If you are different, you had better hide it, and pretend to be solemn and wooden-headed. Until you make your fortune. For most wooden-headed people worship money; and, really, I do not see what else they can do.

Oliver Heaviside (18 May 18503 February 1925) was a self-taught English electrical engineer, mathematician, and physicist who adapted complex numbers to the study of electrical circuits, invented mathematical techniques to the solution of differential equations (later found to be equivalent to Laplace transforms), reformulated Maxwell's field equations in terms of electric and magnetic forces and energy flux, and independently co-formulated vector analysis.

Quotes

  • However absurd it may seem, I do in all seriousness hereby declare that I am animated mainly by philanthropic motives.

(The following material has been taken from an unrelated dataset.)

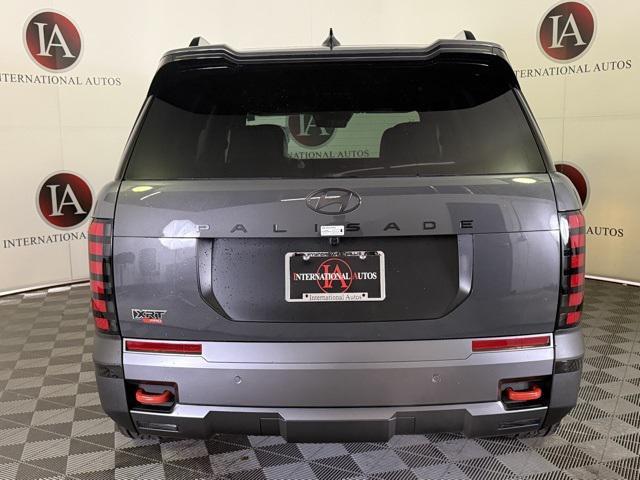 new 2026 Hyundai Palisade car, priced at $50,785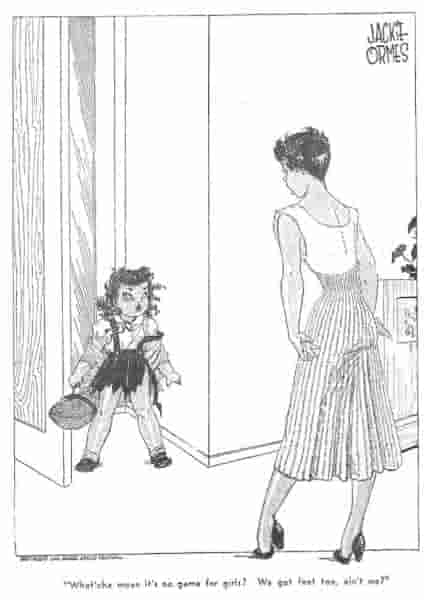 Barbie's Strange Comic Origins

I desire to do good to my fellow creatures, even to the Cui bonos.
    • Electrical Papers (1882), Vol. I; Preface, p. vii; Maxmillan and Co., London and New York. Full Text.
  • We do not dwell in the Palace of Truth. But, as was mentioned to me not long since, "There is a time coming when all things shall be found out." I am not so sanguine myself, believing that the well in which Truth is said to reside is really a bottomless pit.
    • Electromagnetic Theory (1893) Vol. 1, p. 1.
  • Waves from moving sources: Adagio. Andante. Allegro moderato.
    • Electromagnetic Theory (1912), Volume III; p. 1; "The Electrician" Pub. Co., London. Full Text.
  • The following story is true. There was a little boy, and his father said, “Do try to be like other people. Don’t frown.” And he tried and tried, but could not. So his father beat him with a strap; and then he was eaten up by lions.
    Reader, if young, take warning by his sad life and death. For though it may be an honour to be different from other people, if Carlyle’s dictum about the 30 million be still true, yet other people do not like it. So, if you are different, you had better hide it, and pretend to be solemn and wooden-headed. Until you make your fortune. For most wooden-headed people worship money; and, really, I do not see what else they can do. In particular, if you are going to write a book, remember the wooden-headed. So be rigorous; that will cover a multitude of sins. And do not frown.
    • Electromagnetic Theory (1912), Volume III; p. 1; "The Electrician" Pub. Co., London.
  • Electric and magnetic forces. May they live for ever, and never be forgot, if only to remind us that the science of electromagnetics, in spite of the abstract nature of its theory, involving quantities whose nature is entirely unknown at the present, is really and truly founded on the observations of real Newtonian forces, electric and magnetic respectively.
    • Electromagnetic Theory (1912), Volume III; p. 1; "The Electrician" Pub. Co., London.
  • Mathematics is of two kinds, Rigorous and Physical. The former is Narrow: the latter Bold and Broad. To have to stop to formulate rigorous demonstrations would put a stop to most physico-mathematical inquiries. Am I to refuse to eat because I do not fully understand the mechanism of digestion?
  • We do not dwell in the Palace of Truth. But, as was mentioned to me not long since, "There is a time coming when all things shall be found out." I am not so sanguine myself, believing that the well in which Truth is said to reside is really a bottomless pit.
    • Electromagnetic Theory, Volume I; p. 1; "The Electrician" Pub. Co., London.

Quotes about Heaviside

  • ... the present time is the age of communication ... communication engineering began with Gauss, Wheatstone, and the first telegraphers. It received its first reasonably scientific treatment at the hands of Lord Kelvin, after the failure of the first transatlantic cable in the middle of the last century, and from the eighties on, it was perhaps Heaviside who did the most to bring into a modern shape.